Data block:
------------------------

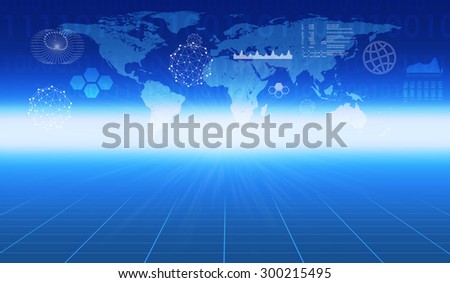 Abstract blue background with world map and graphical charts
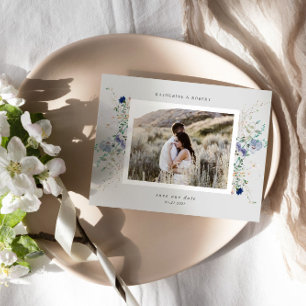 Wasserfarbe Blau Wildblume Save the Date Postkarte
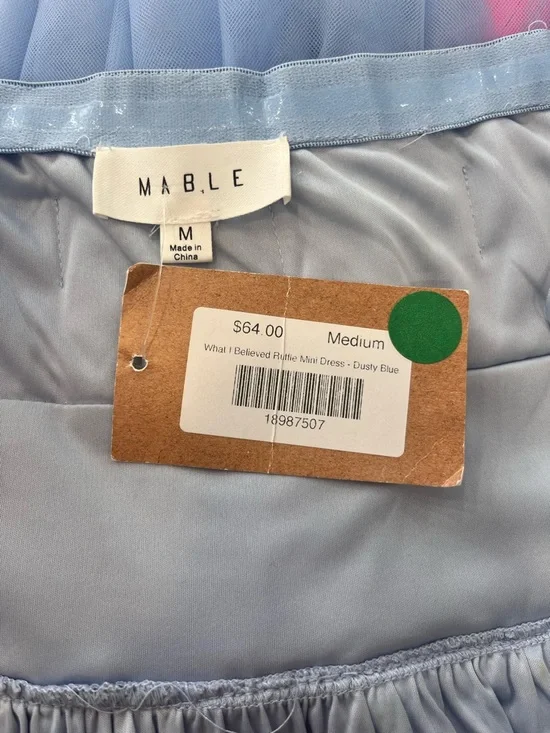 Mable Dusty Blue Ruffle Tulle Mini Dress Strapless Tiered Party Cocktail Medium - Picture 7 of 9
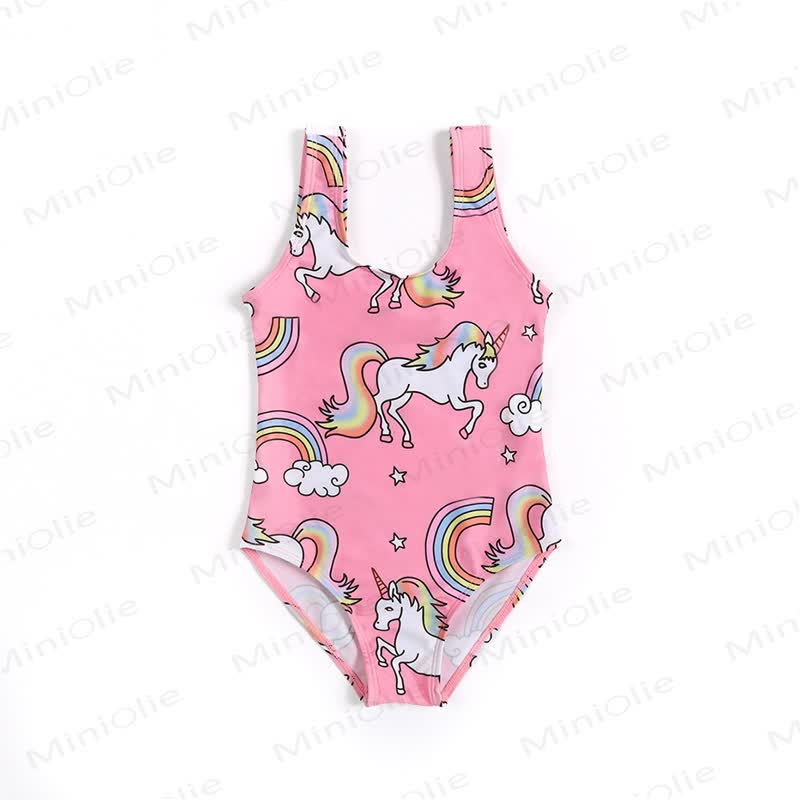Toddler Girls Flamingo Ruffle Swim Romper - Pink Rainbow - 6-7T - image 5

------------------------

Action item: Exact copy required, pictures excluded: the lines from the one holding "Mable Dusty Blue" through the last line of the data, both ends included.

Your response:
 Mable Dusty Blue Ruffle Tulle Mini Dress Strapless Tiered Party Cocktail Medium - Picture 7 of 9
Toddler Girls Flamingo Ruffle Swim Romper - Pink Rainbow - 6-7T - image 5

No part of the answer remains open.